If only parts of the documents is needed, it is possible to only fetch only those parts of the document.

If you posted rhe measurements you are getting and the size and number of the documents, it might be easier figure out what can be done.

so @mreiche one more thing like i checked round trip it is fairly less. How can i minimise the deserialisation time ? i have kept desiralisation on a separate thread. it should be good.
Also wanted to ask that currently io threads for couchbase i have kept as 8 are they too much should i reduce them as my cores are also 8. How much does couchbase suggest to keep the io threads basically?

@vaibhav123 what is ‘fairly less’ in cold hard numbers?

If it is still in the multiple milliseconds range then I would suggest focussing on reducing this as the priority, before starting to look at deserialization optimisations and particularly IO threads. Network latency will generally be the dominating factor, and there are techniques such as VPC peering you can use to minimise it.

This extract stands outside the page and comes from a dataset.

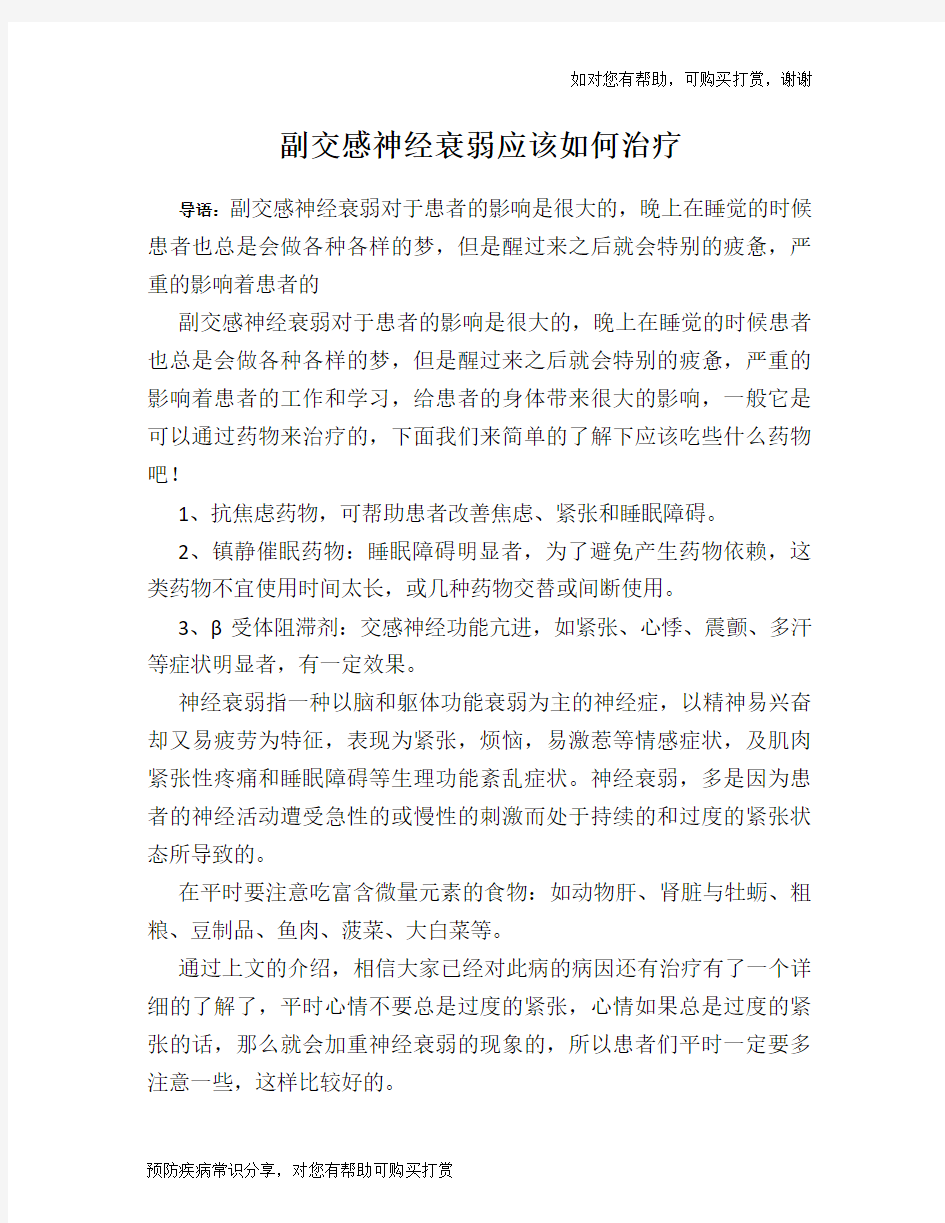 副交感神经衰弱应该如何治疗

I’m not saying deserialization is irrelevant - but personally I’d be looking at it only after getting the network as fast as possible. Not least because there may not be much you can do about it - things have to be deserialized.

One other thing you can experiment with is to increase the numKvConnections SDK parameter, which will allow more concurrent connections to KV. KV connections are already multiplexed, but it might help regardless.